I've never been particularly lucky in love. As a result of a severe lack of confidence, I can only approach women after a skinful of lager when the beer goggles are on. Even Kermit would have turned his nose up at some of the pigs I've tried my luck with.

I raised the bar marginally higher when I emailed Helen Chamberlain to ask for a date, but she just blew me off.

I did find fleeting love with a diminutive woman called Dot. But just like the unfortunate Martin Jol, I was dumped via a text message. I'm completely over her now though; I buried her under the patio. After extensive digging I've discovered 13/8 for a Tottenham win over Middlesbrough.

Rent-a-quote WAG Cheryl Cole claimed that her 'husband' didn't enjoy his final days at Arsenal as he believed that his foreign team-mates were all 'talking about him'. I find it amazing that a talented footballer with a loving wife could end up such a paranoid wreck; and Ashley Cole is definitely a talented footballer. The 4/9 for a Chelsea win over Wigan is convenient.

Steve Bruce is definitely feeling the pressure. The potato-headed manger couldn't bear to watch as Birmingham played Wigan last week; although this is not necessarily an uncommon phenomenon amongst the regulars of St Andrews. Everton can be backed at 8/11 against Birmingham; that's unusually exhilarating.

It's no coincidence that Arsenal are producing champagne football after dropping the bitter Lehmann. I believe the morale-boosting team huddle is a major factor in the Gunners' improved form, or it may just be an opportunity to talk about Ashley Cole. Everybody should be talking about the 6/4 for an Arsenal win over Manchester United.

Sam Allardyce will go head to head with Harry Redknapp at St James' Park, in a match that the gutter press are labelling 'Panorama II'. I've been investigating the history to this fixture and I've discovered that Pompey last won in Newcastle in 1949. The Toon can continue their practical ownership at 11/10.

A member of the Royal family has allegedly been caught up in a sex scandal. I just hope it's not Charlie, as I have absolutely no interest in hippophilia. One set of Royals who won't be going down is Reading; they'll leave Fulham with a point at 9/4.

Aston Villa appear to be certainties at 1/2 against a woeful Derby County. The Villa have looked fearsome on their own patch this season, while the Rams are conceding almost three goals a game on the road. The only money going on Derby will be Freddie Flintoff's.

Phil Gartside must have had a few jars when he appointed Gary Megson. I'm all for positive discrimination, but this move reeks of desperation. Luckily for Bolton, West Ham have been decimated by injuries. Bolton can sneak a fortuitous draw at 5/2.

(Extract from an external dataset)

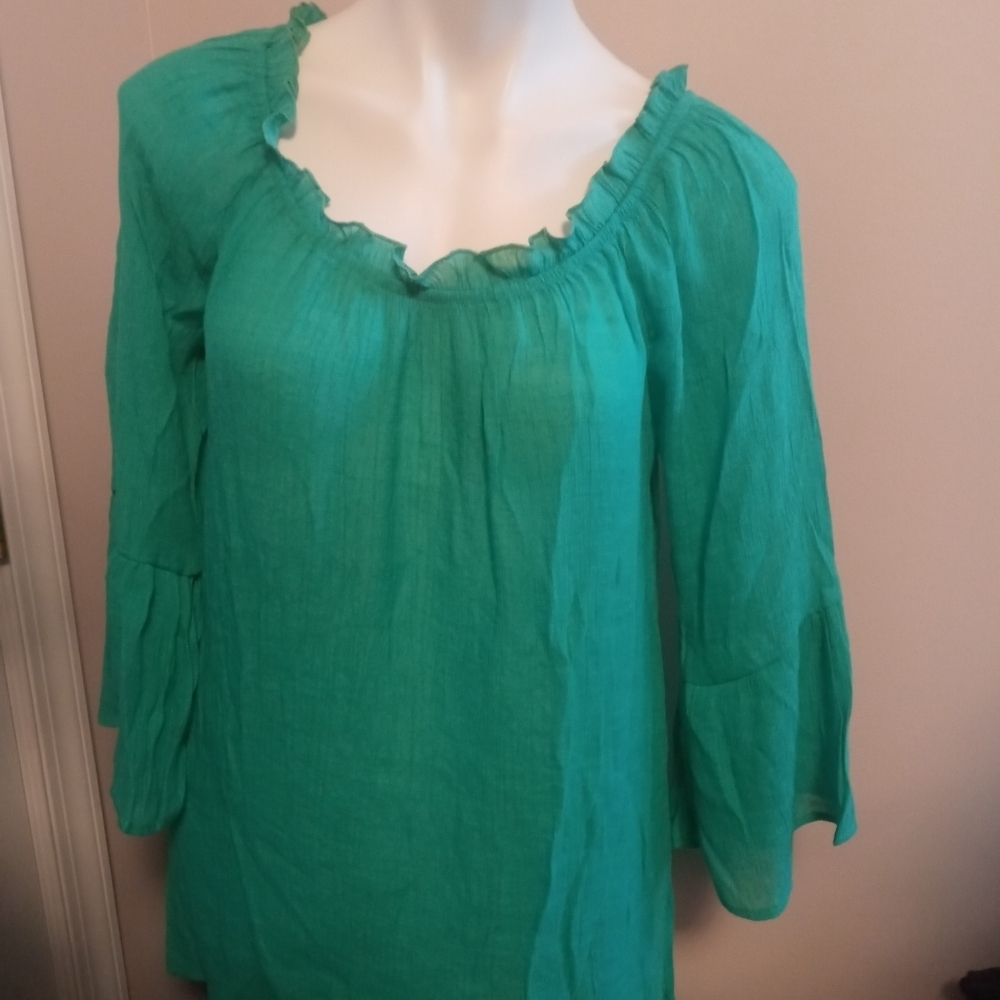Forgotten Grace green tunic top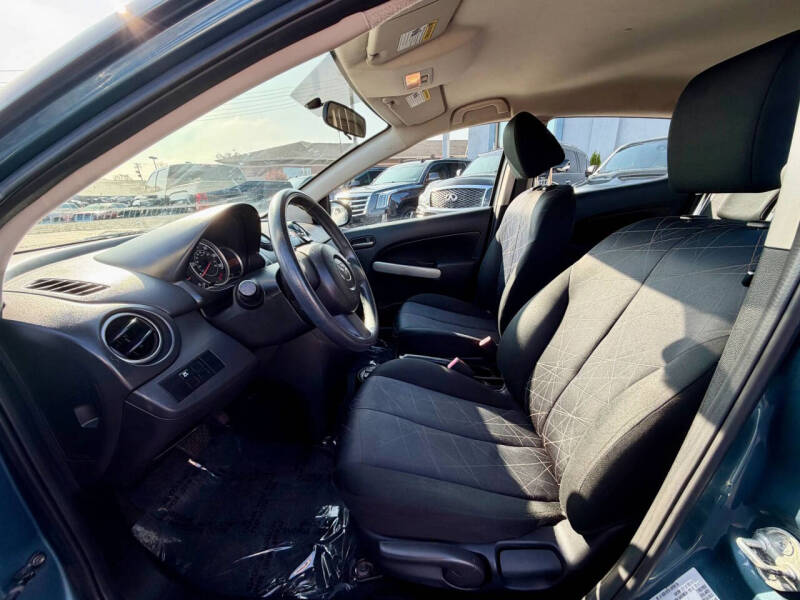 2014 Mazda MAZDA2 Sport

Like most people who enjoy a swift couple of beers, I often struggle to undress when I'm the worse for wear. I've now patented a machine that takes your shirt off for you automatically; it's provisionally called 'The Carragher'. I'm all over the 11/5 for a Blackburn win over a depleted Liverpool.

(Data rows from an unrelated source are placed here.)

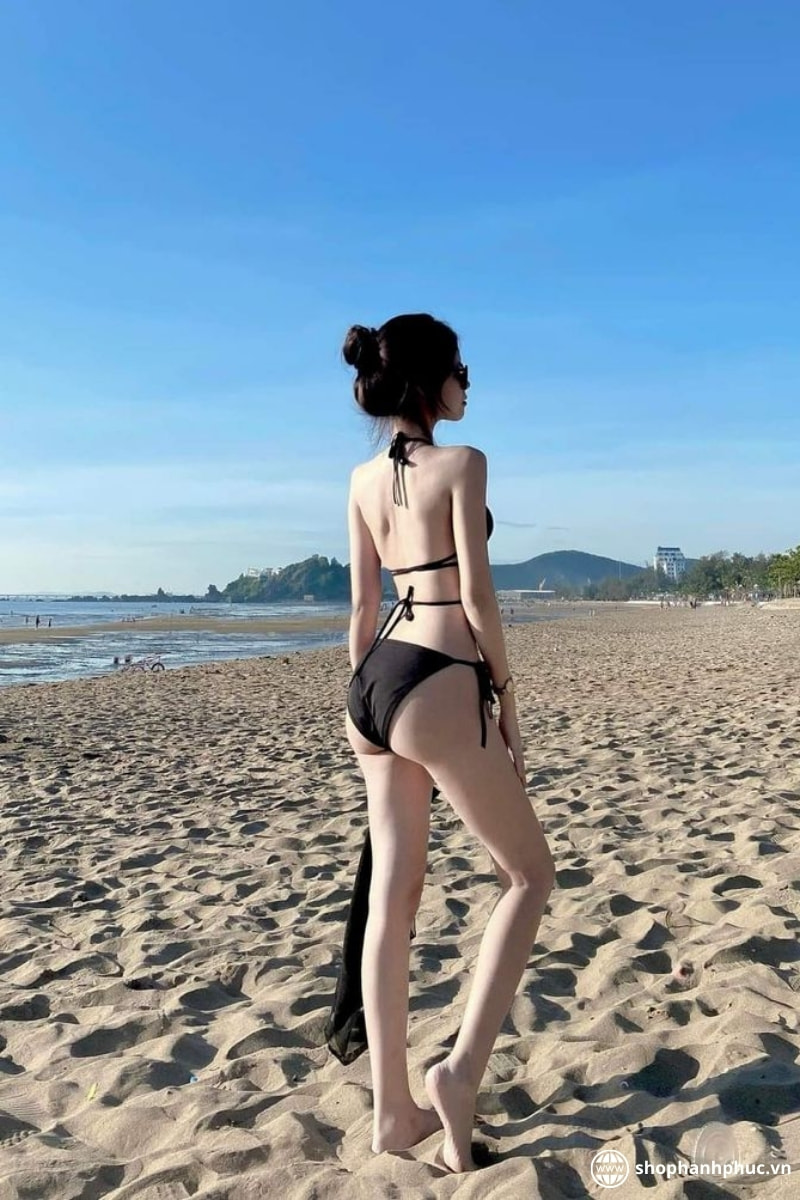 Gái xinh mặc bikini siêu mỏng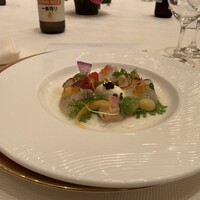 ホテル日航福岡 - 玄海産もみじ鯛と北海道帆立の貝柱の炙り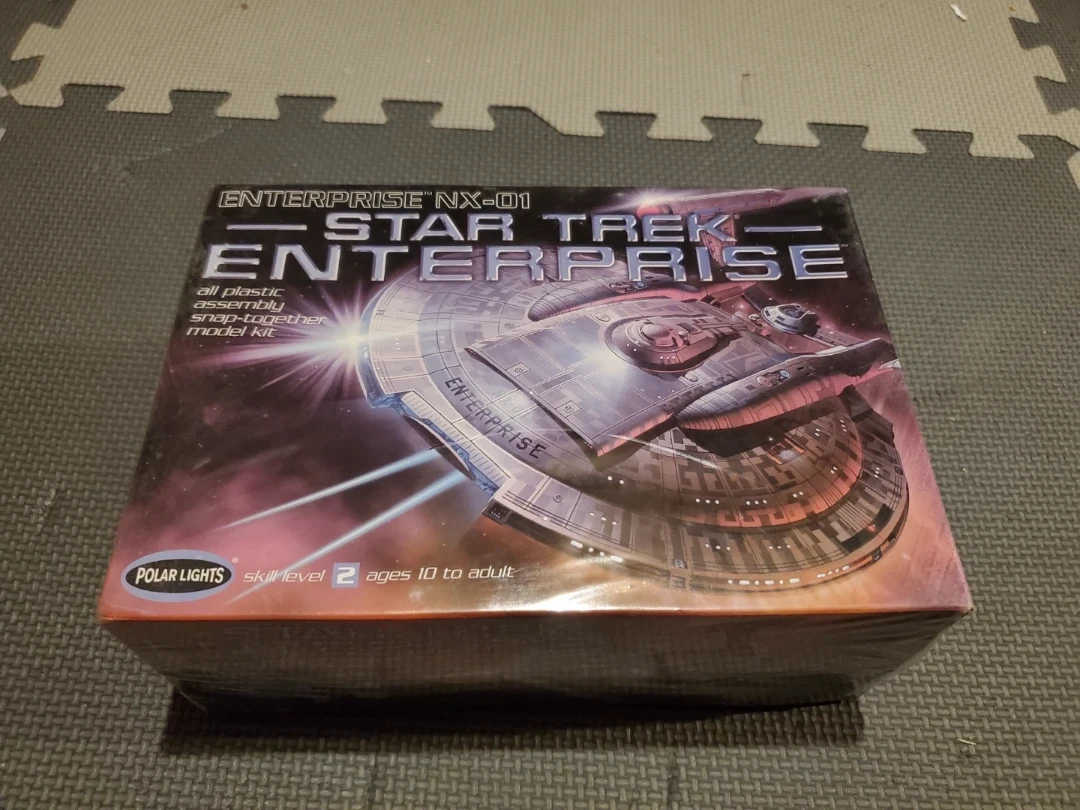 Polar Lights Star Trek Enterprise NX-01 Model Kit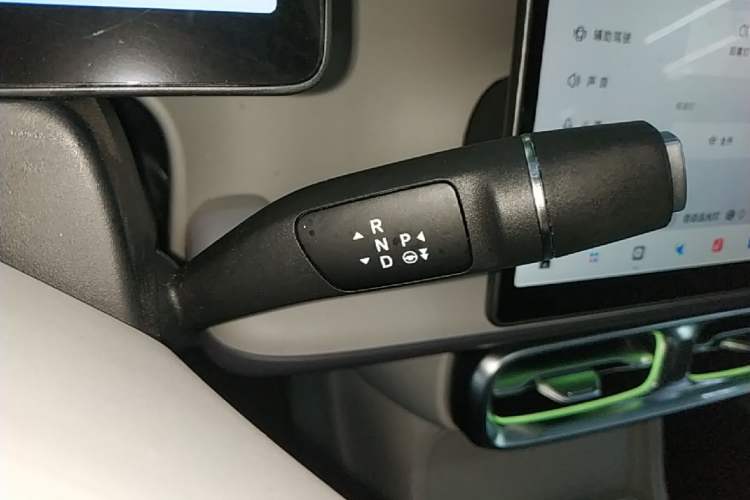 Used Leapmotor B10 2025 510 LiDAR Version Gear Lever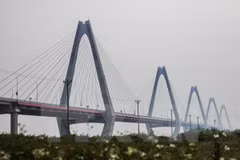 Hanoi transport projects granted with JICA President Award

Manchester City may have started the season impressively, but Sven was on the receiving end of a real spanking at Chelsea last week. To make matters even worse, his team then lost 6-0 at Stamford Bridge. I believe that result was merely a blip; City will explode into life on bonfire night against Sunderland at 8/13.

Being a persistent soul, I've decided to ask Helen Chamberlain to accompany me to a small fireworks display. I've already bought her a Catherine wheel and a rocket; I just want a banger now. Aston Villa, Everton, Tottenham, Chelsea and Manchester City form a 13/1 weekend accer that will more than cover the expense.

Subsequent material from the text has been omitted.